## YOUR TASK
Retype, word for word, the line holding "Condo 4 1/2" and each line after it down to the end of the data; pictures are not copied.

## INFORMATION SHOWN
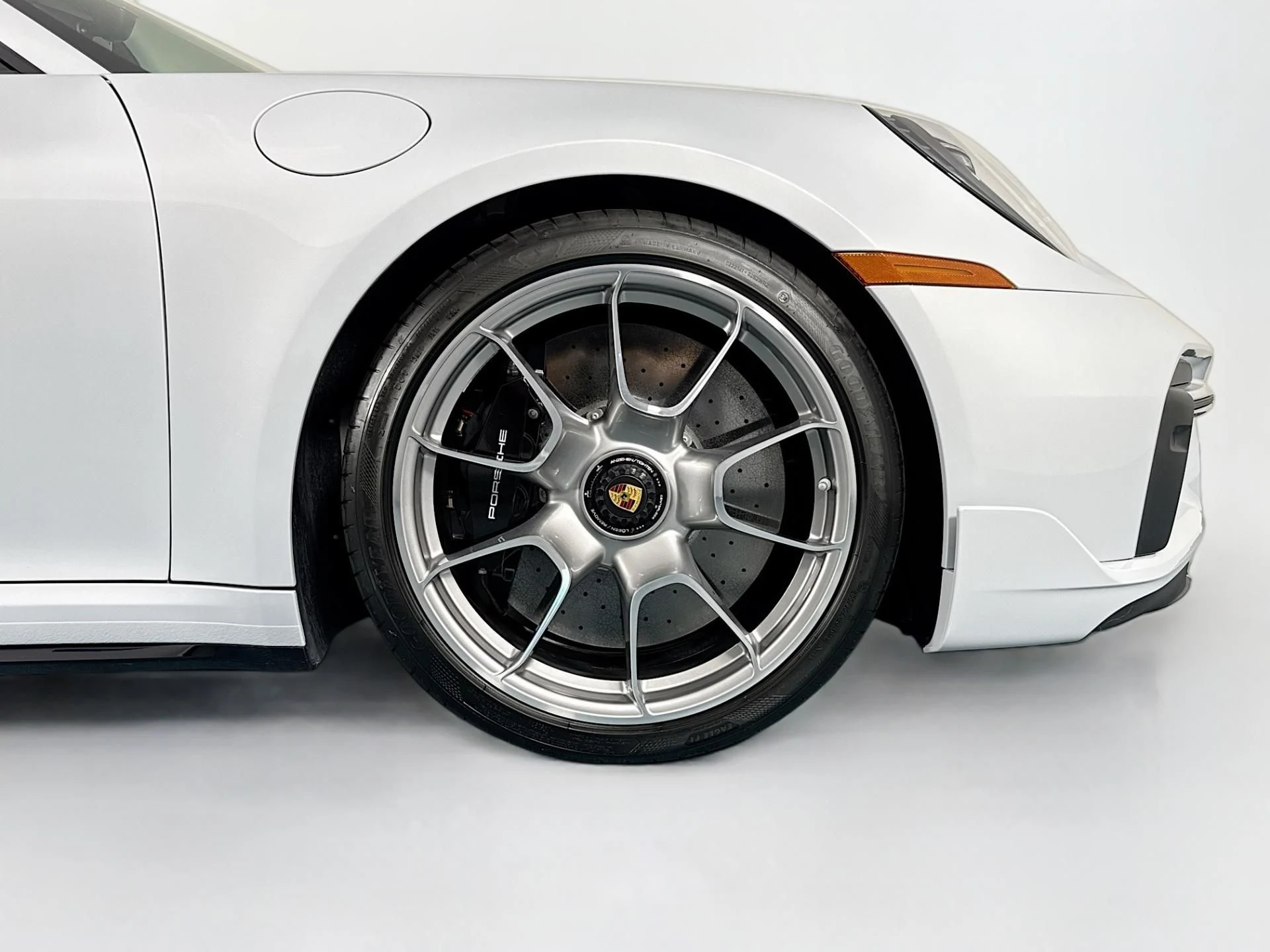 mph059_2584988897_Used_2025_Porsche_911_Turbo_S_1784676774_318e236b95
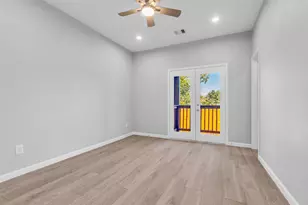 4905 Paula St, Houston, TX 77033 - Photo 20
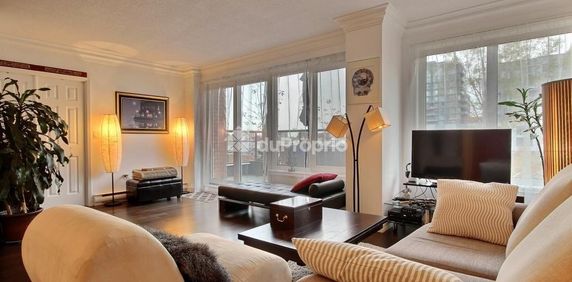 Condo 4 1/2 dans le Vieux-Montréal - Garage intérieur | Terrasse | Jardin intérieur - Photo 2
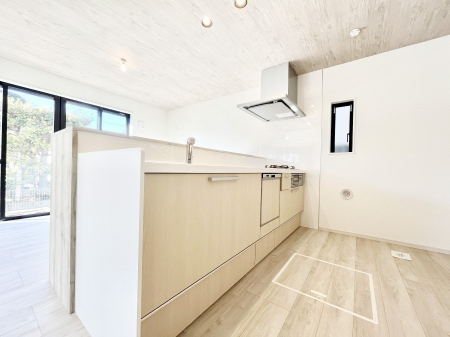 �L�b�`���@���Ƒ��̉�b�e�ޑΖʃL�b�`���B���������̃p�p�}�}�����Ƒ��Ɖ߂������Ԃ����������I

## SOLUTION
 Condo 4 1/2 dans le Vieux-Montréal - Garage intérieur | Terrasse | Jardin intérieur - Photo 2
 �L�b�`���@���Ƒ��̉�b�e�ޑΖʃL�b�`���B���������̃p�p�}�}�����Ƒ��Ɖ߂������Ԃ����������I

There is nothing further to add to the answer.